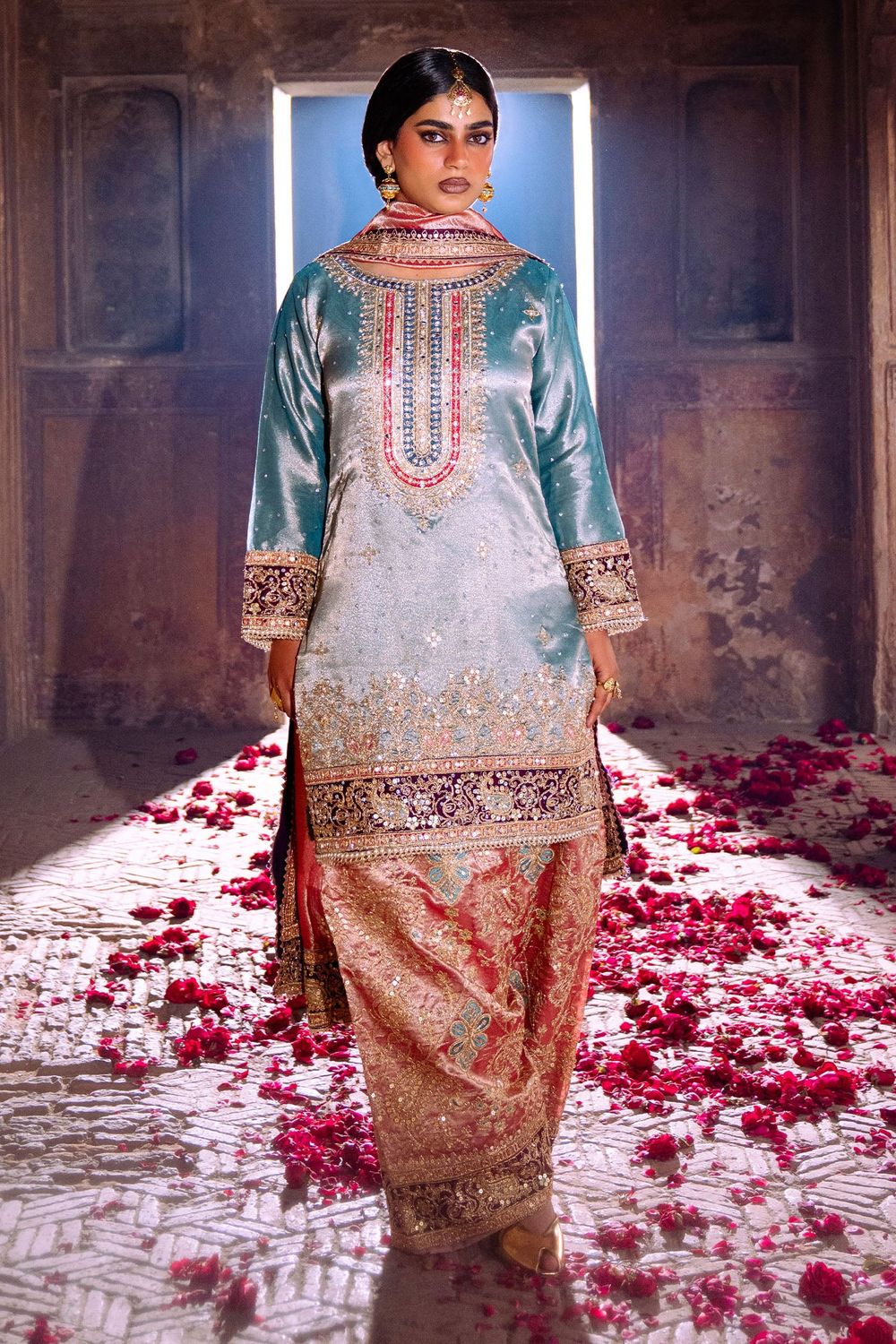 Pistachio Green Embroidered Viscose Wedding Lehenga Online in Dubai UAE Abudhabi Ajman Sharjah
* * *
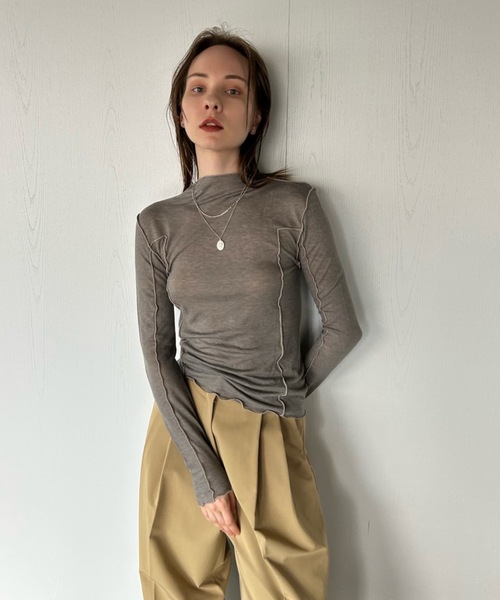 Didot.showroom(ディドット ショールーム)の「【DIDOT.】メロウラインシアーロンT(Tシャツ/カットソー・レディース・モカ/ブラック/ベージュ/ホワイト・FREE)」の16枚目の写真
* * *
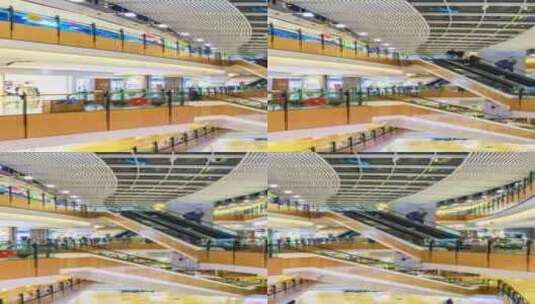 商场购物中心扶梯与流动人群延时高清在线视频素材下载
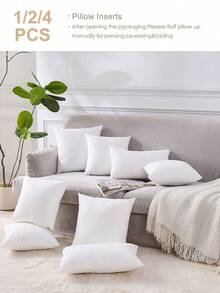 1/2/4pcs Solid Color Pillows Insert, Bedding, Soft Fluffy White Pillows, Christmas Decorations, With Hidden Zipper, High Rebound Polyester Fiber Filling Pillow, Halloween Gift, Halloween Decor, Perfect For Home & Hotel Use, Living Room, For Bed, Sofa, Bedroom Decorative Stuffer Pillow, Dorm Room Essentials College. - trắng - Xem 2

§ Work request: Using the entries above, transcribe every line from the line containing "商场购物中心扶梯与流动人群延时高清在线视频素材下载" through the line containing "1/2/4pcs Solid Color". Do not copy pictures.

§ Your response:
 商场购物中心扶梯与流动人群延时高清在线视频素材下载
 1/2/4pcs Solid Color Pillows Insert, Bedding, Soft Fluffy White Pillows, Christmas Decorations, With Hidden Zipper, High Rebound Polyester Fiber Filling Pillow, Halloween Gift, Halloween Decor, Perfect For Home & Hotel Use, Living Room, For Bed, Sofa, Bedroom Decorative Stuffer Pillow, Dorm Room Essentials College. - trắng - Xem 2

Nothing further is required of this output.